Saturday, May 19, 2018

Exotic/Disgusting Foods and Beverages Forum--Indian Treats

     This week I'll be discussing four items--three snacks foods (from the MTR company), and one beverage (from Sresta).  These all came from a grocery (Kroger, if my memory serves) in Fuquay-Varina, North Carolina, which apparently has a sizable population of folks with Indian heritage, or at least a lot of people who like that country's cuisine.
    MTR Foods Pvt. Ltd. started out as a restaurant in Bangalore, India, owned and operated by the Maiya family, back in 1924.  In 1975 they expanded into a company which manufactures pre-made and instant food mixes.  Currently they make ready-to-eat curries and rice, gravies, frozen foods, mixes, spices, beverages, snacks, ice cream, and pickles.  In 2007 MTR was bought by the Norwegian company Orkla.  Orkla is an extremely old company, beginning as a pyrite mine in 1654.
     In contrast, Sresta is quite the recent endeavor.  It was started in 2004 by Raj Seelam.  This company's passion is for organic foods, almost to a ridiculous degree.  If you check out the company website, you'll read tons about how chemicals, and pesticides, are bad for food products, for the consumers, and for the farmers who grow the plant ingredients.  Aside from fruit based drinks, often under its 24 Mantra line, Sresta makes flour, breakfast cereal, spices, oils, teas, jams and spreads, honey, nuts and dried fruit, and cookies.

1) Sresta mango fruit beverage:  Ingredients are water, organic mango pulp (25%), organic sugar, citric acid, vitamin C, mixed carotenoids, and natural flavor.  This, not surprisingly, had an orange color.  In general I enjoy mangoes.  Also, when I eat at Indian restaurants I almost always love to get a mango lassi, a mango-yogurt drink.  Anyway, this Sresta drink was good.  Not as great as a mango lassi, but still tasty.

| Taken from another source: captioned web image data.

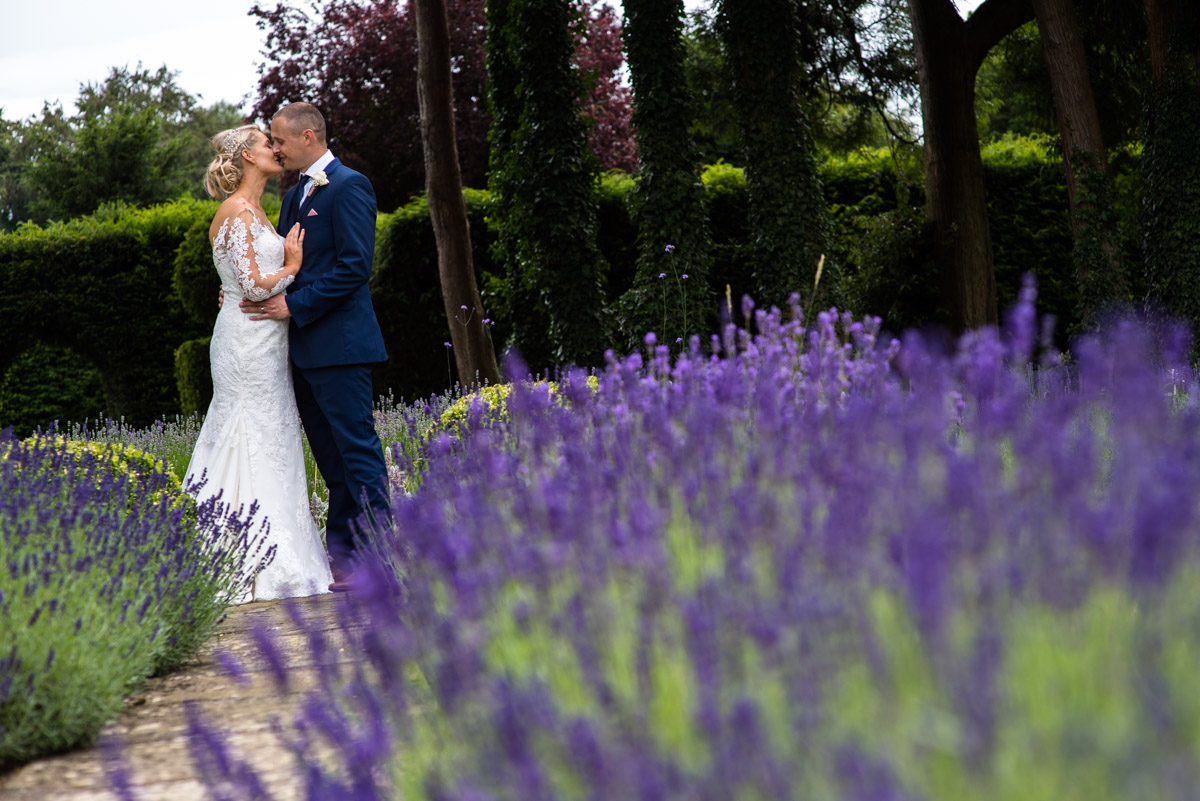 Romantic wedding photography taken in the grounds of Kent venue Allington Castle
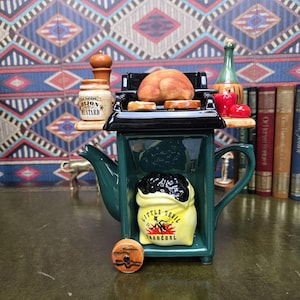Peut inclure: Une théière en céramique en forme de barbecue au charbon, avec un corps vert, un couvercle noir et un sac jaune de charbon Little Devil. Le dessus porte un poulet rôti et des accompagnements, avec une petite roue en bois sur la base avant.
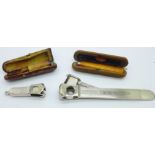 Two cigar cutters and two amber cheroot holders, cased, one with 9ct gold rim a/f
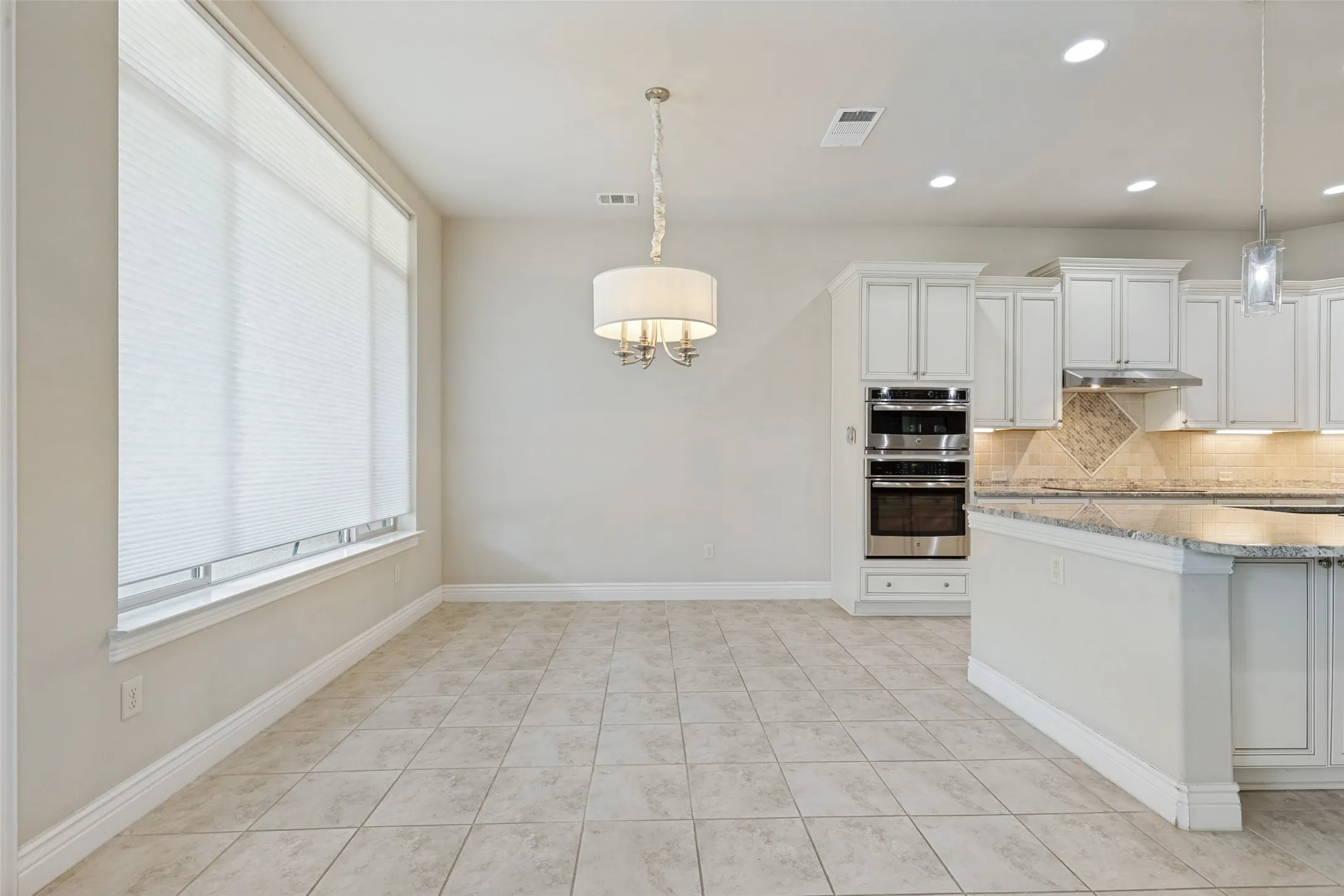 Bright dining area featuring tile flooring, a large window with blinds, and a drum pendant light fixture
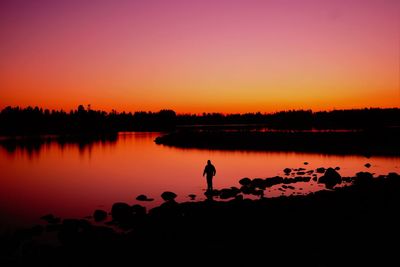 Silhouette man standing by lake against sky during sunset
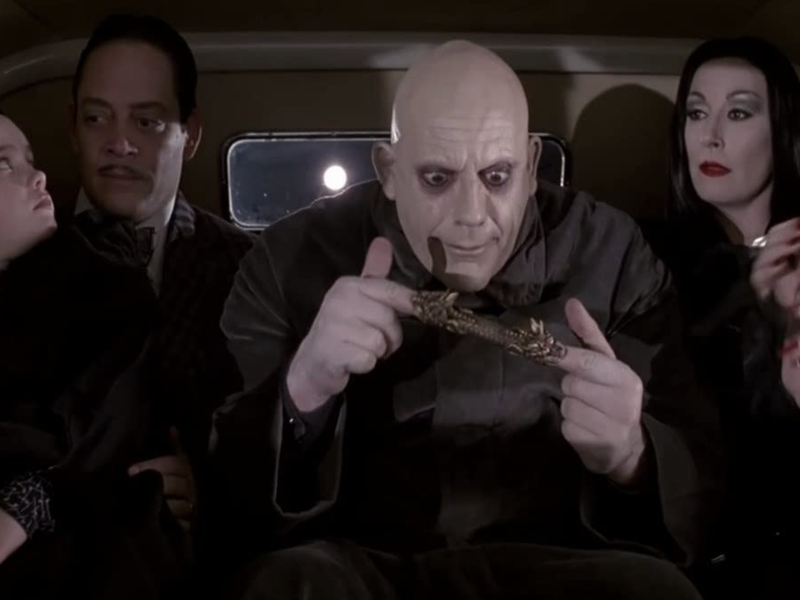 Uncle Fester playing with a children's toy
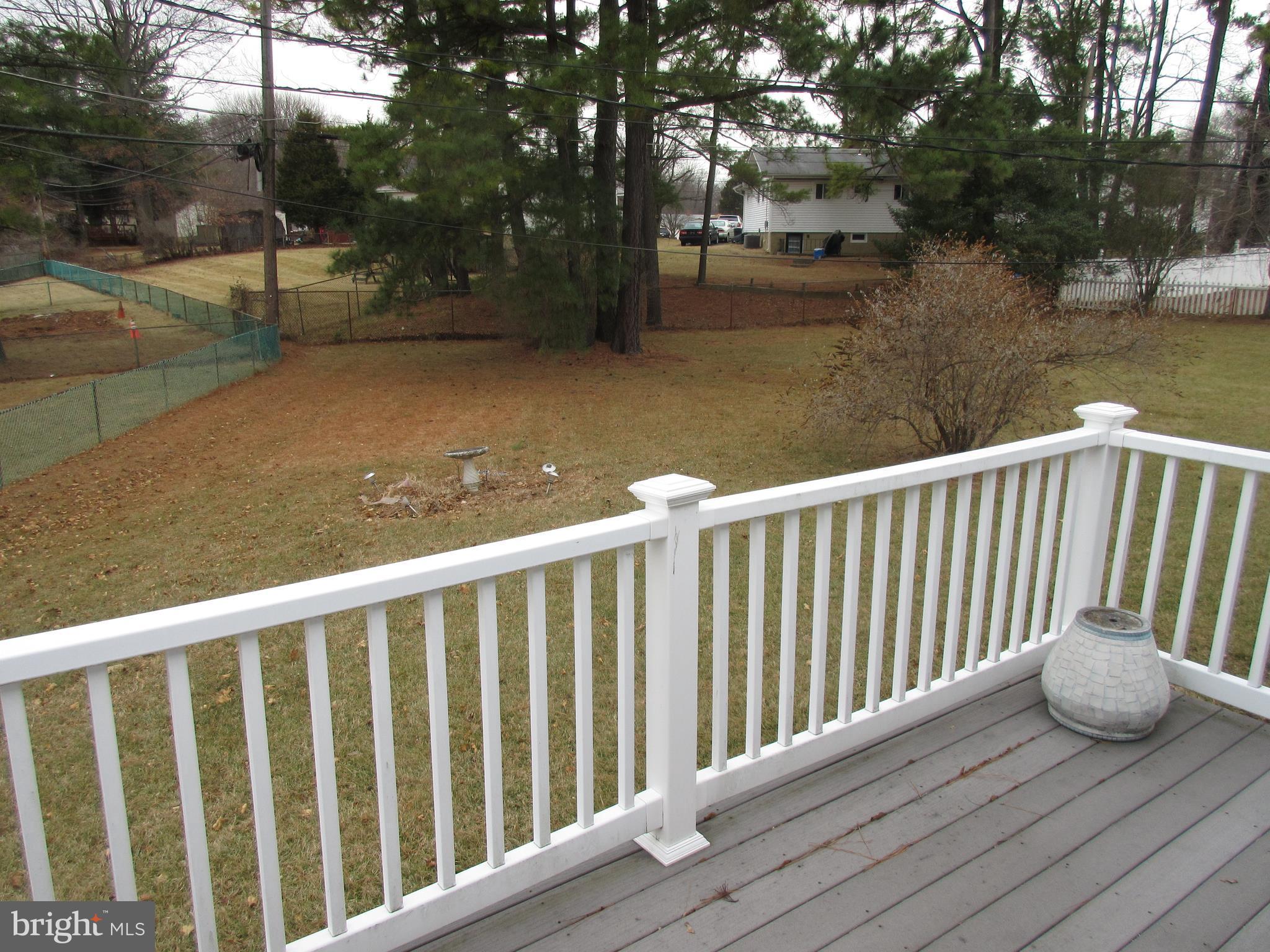 4786 Byron Road Baltimore, MD 21244 - Photo 27 of 30 a view of balcony with wooden floor and lake view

2) MTR SnackUp ompudi:  These were yellow string-like pieces with occasional green leafy bits.  Bland.  Not very good.  Crispy and crunchy, but dull.

3) MTR SnackUp cornflakes mixture:  This one looked like orange cornflakes with occasional peanuts and cashews.  Not sweet like a cornflake breakfast cereal, but savory and slightly spicy.  These were alright.  Not great, but decent.

4) MTR SnackUp avalakki mixture:  This one consisted of tiny, orange-colored rice flakes, mixed with peanuts, cashews, and curry leaves.  Had kind of a sweet and spicy thing going for it.  I really liked this one--the pick of the MTR litter, for sure.  It was very messy to eat, though.

     Therefore, the items I sampled ran the gamut from below average up to good.  Given my usual appreciation of Indian foods, I would certainly be willing to try other products in both companys' lines.  And I would buy the Sresta mango drink and the MTR avalakki mixture again, too.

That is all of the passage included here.